Nontraditional spaces can spark innovation and collaboration.
Colleges, universities, and other institutions of higher education are great venues for events at small to medium-sized conferences outside larger convention spaces.
These hubs for learning, research, and innovation ooze intelligence and inspire creative thinking. In many cases, particularly when smaller, more intimate spaces prompt attendees to sit around circular tables or in small groups, university events spark collaboration among attendees.
University spaces offer a variety of other benefits over larger settings, including presentation areas equipped with the latest technology, contacts for speakers, partnership opportunities, and more. In most cities, higher education institutions also sit on public transportation lines, making accessibility from hotels in the central business district a breeze.
A city like Montréal, home to seven institutions of higher learning, four universities and a large body of international students and researchers, offers a good model.
For starters, the city has established an organization to help universities and businesses partner for a variety of engagements, including events. That organization, the Quartier de l’Innovation (QI), creates bridges between public and private sectors. Four universities are members of QI: McGill University, Université du Québec à Montréal, École de Technologie Supérieure and Concordia University.
McGill played a key role in QI’s 2013 launch. Heather Munroe-Blum, who was the principal and vice-chancellor of McGill University at the time, helped establish its vision. “The QI will make Montréal an international leader in innovative cities, building on the experiences of other visionary cities such as Barcelona, Manchester and Boston,” she said in a news release. “Montréal’s Quartier de l’Innovation is truly one-of-a-kind as it embraces all aspects of innovation: from the social, cultural and urban dimensions to education, research and industry.”
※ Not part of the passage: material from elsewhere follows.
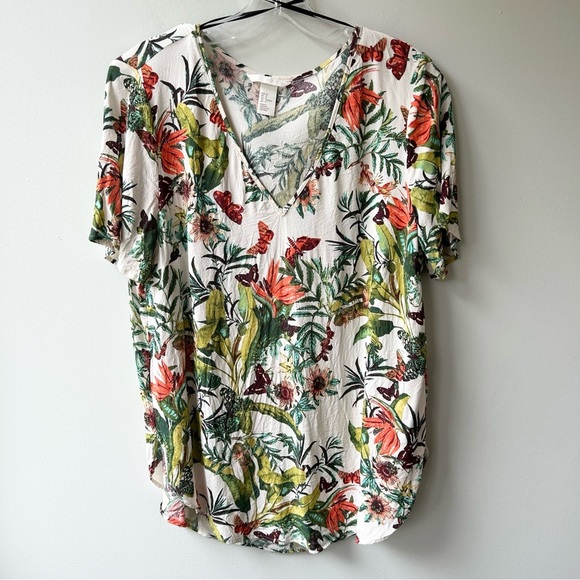 H&M tropical floral print v-neck blouse - Picture 1 of 8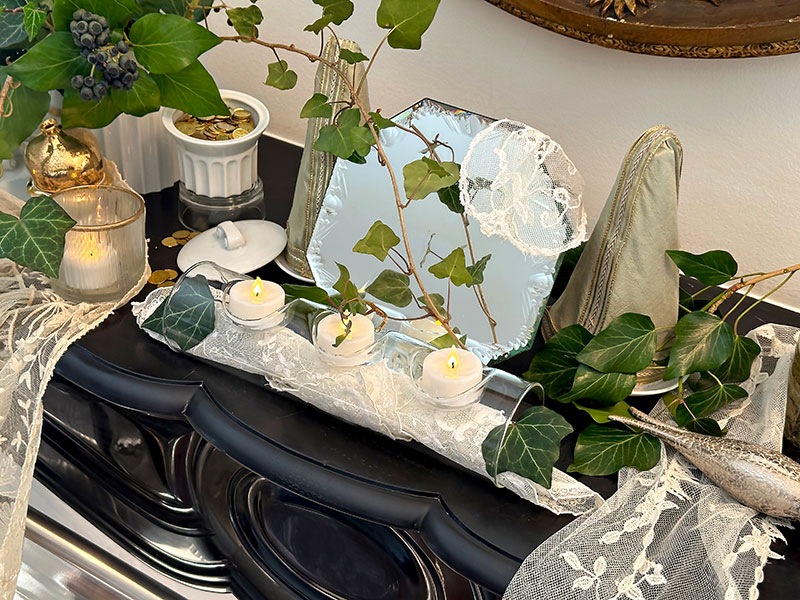 Venetian mirror, sugarloaves, covered with green silk and fine gold ribbons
QI regularly works to attract events to college and university campuses. Damien Silès, QI’s executive director, said one of the biggest benefits of bringing outside conferences onto Montréal’s campuses is the knowledge transfer that happens—both inside and outside of the conference rooms.
“Something about the learning environment just seems to excite people and inspire them,” he said of conference attendees. “Conventions and conferences always are about sharing knowledge, but when that takes place on an academic campus, in academic buildings, the results can be particularly special and can lead to serious innovation.”
Silès noted that smaller and more private conferences work just as well in the higher education setting. With all these events, quality trumps quantity every time. “Events don’t have to be huge to be worthwhile,” he said. “All you need is for the event to have an impact.”